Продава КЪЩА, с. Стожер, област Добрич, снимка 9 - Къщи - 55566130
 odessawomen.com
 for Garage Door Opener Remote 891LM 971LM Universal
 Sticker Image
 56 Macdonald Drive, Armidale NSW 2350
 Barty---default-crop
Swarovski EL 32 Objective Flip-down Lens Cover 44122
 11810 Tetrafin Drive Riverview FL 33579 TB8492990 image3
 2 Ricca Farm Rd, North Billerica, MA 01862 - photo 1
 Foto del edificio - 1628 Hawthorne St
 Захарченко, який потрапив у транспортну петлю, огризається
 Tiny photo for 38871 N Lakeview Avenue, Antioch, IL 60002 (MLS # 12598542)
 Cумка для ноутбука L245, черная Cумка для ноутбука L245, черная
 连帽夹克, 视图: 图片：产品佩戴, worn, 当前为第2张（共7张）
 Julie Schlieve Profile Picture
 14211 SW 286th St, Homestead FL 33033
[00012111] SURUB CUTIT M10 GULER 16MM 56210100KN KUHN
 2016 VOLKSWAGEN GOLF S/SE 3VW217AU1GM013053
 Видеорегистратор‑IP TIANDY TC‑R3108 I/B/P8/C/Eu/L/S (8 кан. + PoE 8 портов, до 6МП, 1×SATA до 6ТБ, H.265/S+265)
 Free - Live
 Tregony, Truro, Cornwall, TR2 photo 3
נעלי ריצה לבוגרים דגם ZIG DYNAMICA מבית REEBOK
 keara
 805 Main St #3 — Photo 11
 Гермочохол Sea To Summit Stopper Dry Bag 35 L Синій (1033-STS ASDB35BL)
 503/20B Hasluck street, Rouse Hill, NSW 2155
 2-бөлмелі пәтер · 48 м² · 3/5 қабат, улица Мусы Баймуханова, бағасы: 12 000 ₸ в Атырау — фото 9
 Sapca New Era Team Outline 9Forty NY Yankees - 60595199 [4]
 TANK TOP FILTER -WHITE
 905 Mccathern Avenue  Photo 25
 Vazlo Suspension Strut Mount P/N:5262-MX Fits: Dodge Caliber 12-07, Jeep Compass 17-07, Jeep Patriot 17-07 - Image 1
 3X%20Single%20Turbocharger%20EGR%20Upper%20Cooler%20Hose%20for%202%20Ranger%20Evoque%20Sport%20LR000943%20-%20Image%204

*****

» Exercise requirements
Each line from the one containing "14211 SW 286th St, Homestead FL 33033" through the end of the material must be returned exactly; no other line should appear.

» Solution
 14211 SW 286th St, Homestead FL 33033
[00012111] SURUB CUTIT M10 GULER 16MM 56210100KN KUHN
 2016 VOLKSWAGEN GOLF S/SE 3VW217AU1GM013053
 Видеорегистратор‑IP TIANDY TC‑R3108 I/B/P8/C/Eu/L/S (8 кан. + PoE 8 портов, до 6МП, 1×SATA до 6ТБ, H.265/S+265)
 Free - Live
 Tregony, Truro, Cornwall, TR2 photo 3
נעלי ריצה לבוגרים דגם ZIG DYNAMICA מבית REEBOK
 keara
 805 Main St #3 — Photo 11
 Гермочохол Sea To Summit Stopper Dry Bag 35 L Синій (1033-STS ASDB35BL)
 503/20B Hasluck street, Rouse Hill, NSW 2155
 2-бөлмелі пәтер · 48 м² · 3/5 қабат, улица Мусы Баймуханова, бағасы: 12 000 ₸ в Атырау — фото 9
 Sapca New Era Team Outline 9Forty NY Yankees - 60595199 [4]
 TANK TOP FILTER -WHITE
 905 Mccathern Avenue  Photo 25
 Vazlo Suspension Strut Mount P/N:5262-MX Fits: Dodge Caliber 12-07, Jeep Compass 17-07, Jeep Patriot 17-07 - Image 1
 3X%20Single%20Turbocharger%20EGR%20Upper%20Cooler%20Hose%20for%202%20Ranger%20Evoque%20Sport%20LR000943%20-%20Image%204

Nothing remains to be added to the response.